他连忙伸手捂住我的嘴,深情的眼睛看着我:“不,文君,不许你这么说,我们成婚才两年,余生皆是恩爱日子,我们还会儿孙满堂的。”

我感动不已,抓着他的手说道:“二郎,有夫如此,我身上哪怕再痛又如何,我心甘情愿为你生儿育女,就算身上留下难症也不怕。”

我可怕死了。

“文君着实受苦了,没好好照顾你为夫惭愧不已。”他温柔的抱着我,俊逸的脸上都是愧疚。

自我生产后都没来仔细看过我,这会想起来愧疚了。

我一点也不信。

不过夫妻嘛,不就那么回事儿,得琴瑟和鸣,得夫唱妇随。

“只是我现在喝了许多苦药,身上定是苦涩难闻,脸上定也不复往日容光…夫君可嫌弃我?”

他真诚的看着我的脸说道:“不,我妻文君容颜依旧,没有半分折损,更无需粉黛装扮,文君何必忧虑。”

那就行。

我开怀展颜,从枕头下拿出一块绣着诗句的帕子,羞涩地递给了他,“唯愿君心似我心。”

“妾身什么都不求,只求夫君顺心喜乐,只是可惜现在还不能起身,不然我定每日在佛像前跪拜,为你求福。”

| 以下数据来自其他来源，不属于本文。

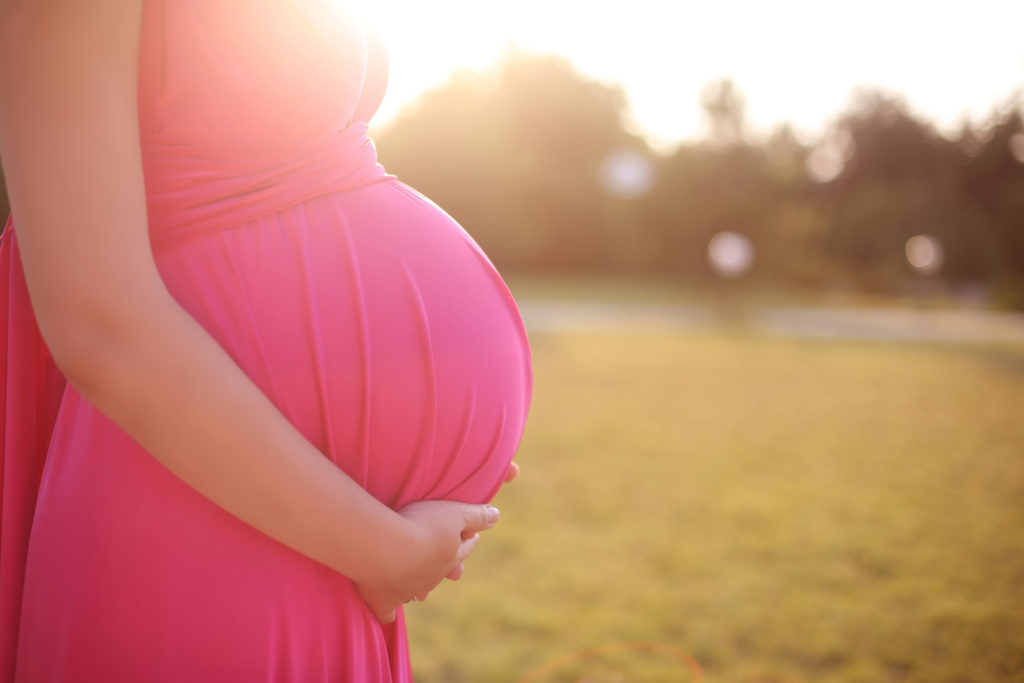 pregnant women outdoors in sunset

夫君感动的摸着我的脸,说道:“得妻如此,夫复何求?我深知你我之心永远都在一处,这一生是何其幸运,我能有文君在我身边。”

火候差不多了。

我开始循循善诱,“妾身自知这些时日无法伺候夫君,也知夫君因公事多繁琐,劳累不已,何不…让妾身找个合郎君心意的女子来,好为夫君疏解疲劳?”

“这…为夫不着急那些,还是你的身体要紧。文君蕙质兰心,我有你一人足矣!”

“夫君且放宽心,此事全交由妾身办就好,定能办妥。你我之心既在一处,妾自然也想君所想。”我拍拍他的手,悠悠然给他一个放宽心的笑容。

深藏功与名。

“娘子,你的心意我甚明了,你放心,母亲那里我自会去说,你只管好好养身体。”

瞧瞧,这不就同意了。

“夫君,我也知你最疼我,若是母亲怪罪,我做儿媳的定会跪着去赔罪的,你不要为难,是我打碎了茶杯。”我掩面拭泪而后又红着眼看他。

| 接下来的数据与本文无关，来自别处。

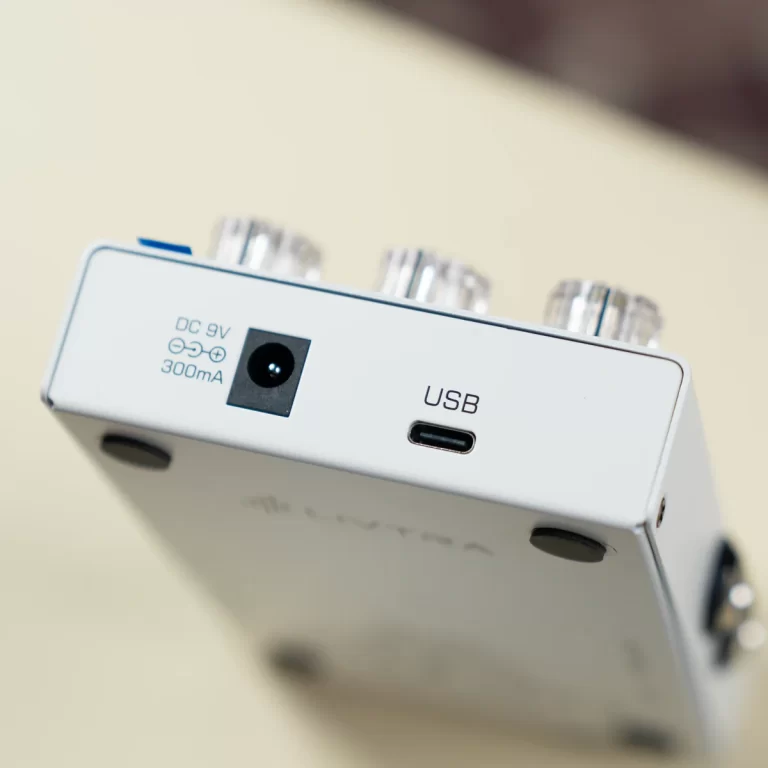 Close-up of a white electronic device showing a USB-C port labeled USB and a DC power input (300mA). ขายราคาพิเศษ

他忙坚定的向我保证,认错他替我去,绝不会叫母亲为难我。

“放心,我知你不是那骄横的性子,不会故意顶撞母亲,等过些日子母亲气消了就好了。”

……

这么好的夫君,怎么能不给他多多纳妾呢。

5

“我想给我夫君纳个妾回来。”我这样告诉阿母。

可阿母坚决不同意,直说我们家绝没有主动纳妾的规矩。

“哪有女人主动把自己的丈夫推给别的女人的?荀二郎对你又爱重,你竟自己给自己找麻烦。他若纳了别的女人生了长子就有的你哭了。”

说实话,我根本不在乎他爱不爱我。

婚姻从来都是父母之命,一开始就没有我俩自己的心意掺和。

纵然荀纪颜如冠玉,惊才绝绝,如今我俩也确实恩爱无双,但重点不是这个。

我不是要自找麻烦,而是要推走麻烦。

这么做只有一样原因:

生孩子太痛了。

而我决心纳个妾回来替我。

夫妻之间若本就有情意,那自然会排斥纳别的女人进门,可我清楚和夫君荀纪之间,不过是因为成亲才两年,彼此还新鲜热乎罢了。

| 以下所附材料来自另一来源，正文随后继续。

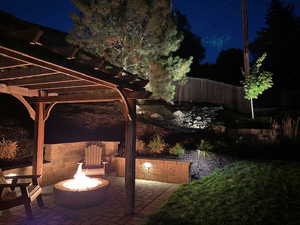 Patio at night with an outdoor fire pit and a pergola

我可不在乎什么情啊爱的,自我十六岁嫁进荀家也才两年,却生生连着诞下两个女儿,要再继续生,真怕是会死在产床上。

我说,“妾生长子就长子,嫡庶没那么重要,我是主母,养在身边将来长大了也一样都是我的孩子,叫我母亲。”

妾从来都只是奴婢,生的孩子也只能管自己的生母叫阿姨。

不管怎样只有主母才是唯一的母亲。

阿母虽点头,“理倒是这么个理,可你自己也能生不是。”

“阿母,我不能再生了,我要痛死了,再说谁生下来不重要,重要的是孩子是我崔氏名下的孩子。”

夫君原先本有个原配夫人,素有善妒之名,从不允许家中婢女妾室靠近丈夫荀纪,对其他女人更是严防死守。然嫁进来多年无所出,后来好不容易怀上一个,又因难产导致一尸两命。

花一样的人物就这么没了。

她爱荀纪,所以无法接受其他女人靠近他,所以拼了命也要为他生孩子。

可结果呢,命也没了,夫君转头就另娶他人。

她死在了为她心爱的男人生后嗣上。

实在太可悲。

可是又有什么办法呢?婆母说的那句话真是一点没错,这世道“女人就是用来生孩子的”。

我无法想象阿母一生生了我们兄妹四个孩子受了多少苦,尤其我与小弟还是双生胎。

从前从没切身体会过女人生产的累与痛,如今自己经历了两回,已深深明白个中滋味。

什么情与爱,统统给我一边去。

荀家不是要子嗣吗,那就纳妾回来让妾生,他们得了子嗣,宗法上我也得了孩子。

我打定了主意不再生,这件事不会再有任何人能动摇我的想法。

一定要纳个妾回来。

要生就叫妾室生去。

6

因我身子一向纤细苗条,本就不是擅生养的骨头,自这次艰难生下孩子后,身下一直痛得更厉害,只能日日躺在床上进补药。

所以这几日我一直琢磨着纳妾的事没停。

这件事夫君同意了,就成了一半。

当务之急是找到能帮我的人,好寻个知根知底的女子送过来。

娘家不愿意帮这件事,皆因阿母不认同我的做法。

幸而,没过几日我就找到了机会。

……

我小弟自学府上请假回来了,带着专从建邺带的特产回来看刚生产不久的我。

我们兄妹四个,大哥二十有六,出仕早,因读书扎实,如今是左著作郎。

二哥便小两岁,早早便进了军营,去年领兵奇袭匈奴有功,竟获封骠骑大将军,如今在朝堂上炙手可热。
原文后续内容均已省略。